Vou até a cozinha buscar mais cervejas. Regina vai comigo. Estou realmente feliz de poder curtir esta noite e dou uma bela gargalhada. Quando faço isso, sei que a vida vale a pena. Chego a me envergonhar um pouco dessa demonstração dionisíaca, mas Regina me olha com um sorriso de satisfação como se tivesse entendido o que se passa comigo neste instante... Ou vai ver que era apenas o meu interesse pelos seus pensamentos surgindo lentamente...

Levamos as latas até nossos amigos e sinto que seus olhos me perseguem. O álcool deixa a gente sensível e sem vergonha em proporções estranhas. Sua outra amiga, Cláudia, nem me deu bola. Tony e Marcus cercaram a musa de ébano sem deixar espaço e confesso que isto me deixou um tanto apreensivo. Mas Regina encosta-se em mim e pede para que dancemos. Deixo o coração fazer cento e oitenta graus. Resolvo então mostrar meus dotes de baile.

Johnny Boy já se atracara loucamente na frente do palco com duas das garotas que estavam conosco e Regina se empolgara com a idéia. Quando me dei conta estávamos dançando e nos beijando ao mesmo tempo ao som do The Who. Pareceu mágico. Fomos à sacada para nos curtirmos e ainda observar a festa.

French e Tony dançavam freneticamente com Cláudia e Marcus. Carlos tem um jeitão de dançar muito divertido e mexia a pélvis num rebolado gaulês-no-liquidificador hilário. Tony contentava-se em marcar a batida da bateria com o quicar de seu corpo, não menos desengonçado que o irmão. Observo-os sentado no parapeito abraçado à Regina. Eis que Julien aparece do nada entre eles, cochicha com Johnny e as meninas e depois com Marcus. De repente, somem por quinze minutos... e voltam possuídos pela caspa do diabo.

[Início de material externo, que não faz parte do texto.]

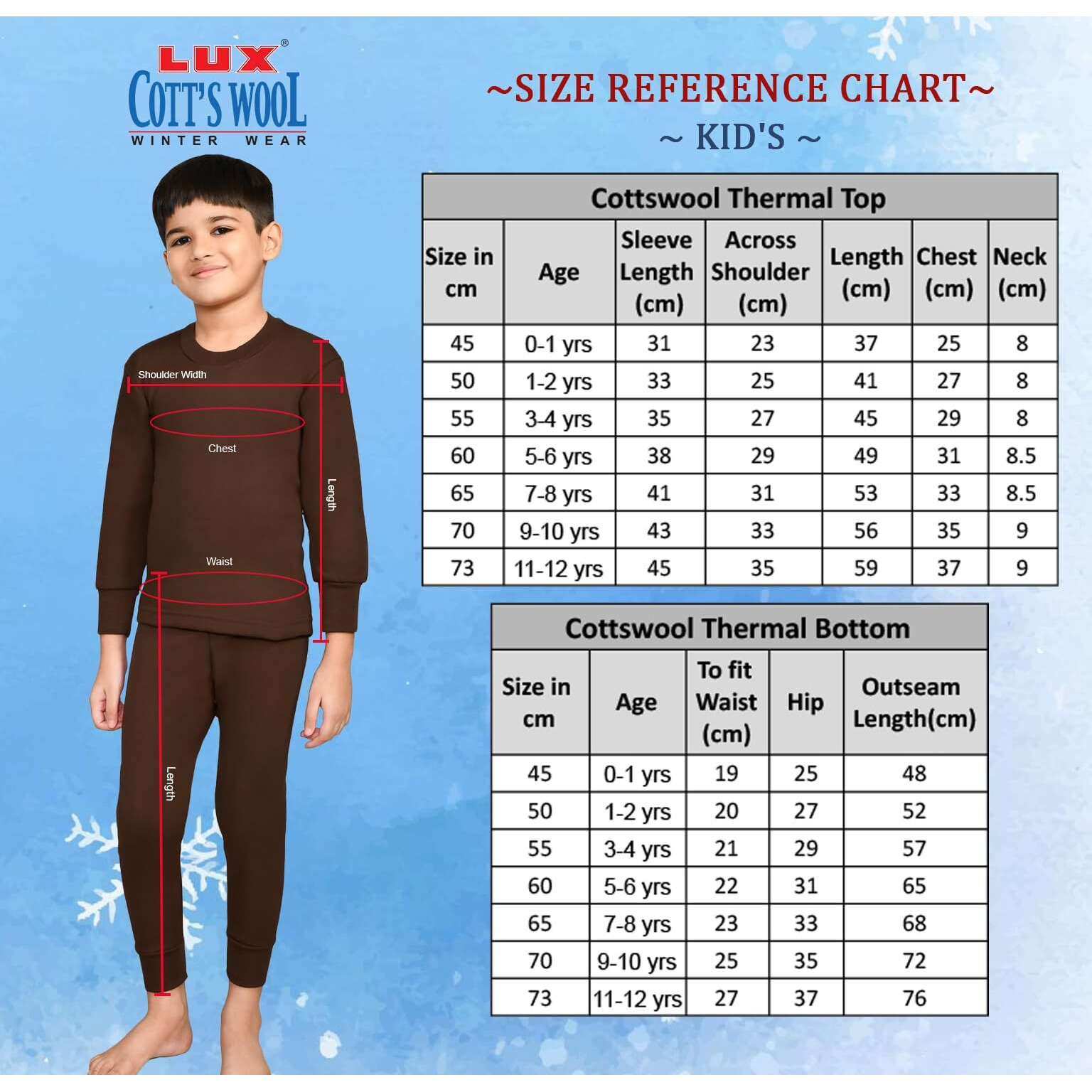 Lux Cottswool Boys Plain Thermal (COTT_Kids_SDC_Set_Brown Mellange_70)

Agora meus amigos estavam mais agitados do que nunca. Olhos vidrados e uma tagarelice que conhecia bem. Essa é a onda do bright, você se sente mais afirmativo, seguro de si e do que pensa, desanda a falar de tudo que se passa na sua mente e curiosamente relaxa enquanto seus músculos brigam para manter seus dentes num sorriso diabólico. A sensação de poder é que ratifica os avisos do perigo quanto ao vício. Preferia decolar numa velocidade mais lenta a um estágio de consciência onde a interação com os meus amigos não passasse pela paranóia, efeito colateral direto desse lançamento a jato do teco ao inconsciente. Era com certeza uma subida maior e mais vertiginosa do que qualquer outra substância, mas sua queda era também a mais rápida. Com certeza, seu uso devia se restringir a algum ritual de concentração e autoconhecimento sério e não ao embalo das nights, que tornava o canudo necessário a cada quinze minutos. Realmente não sentia vontade de participar dessa furada esta noite.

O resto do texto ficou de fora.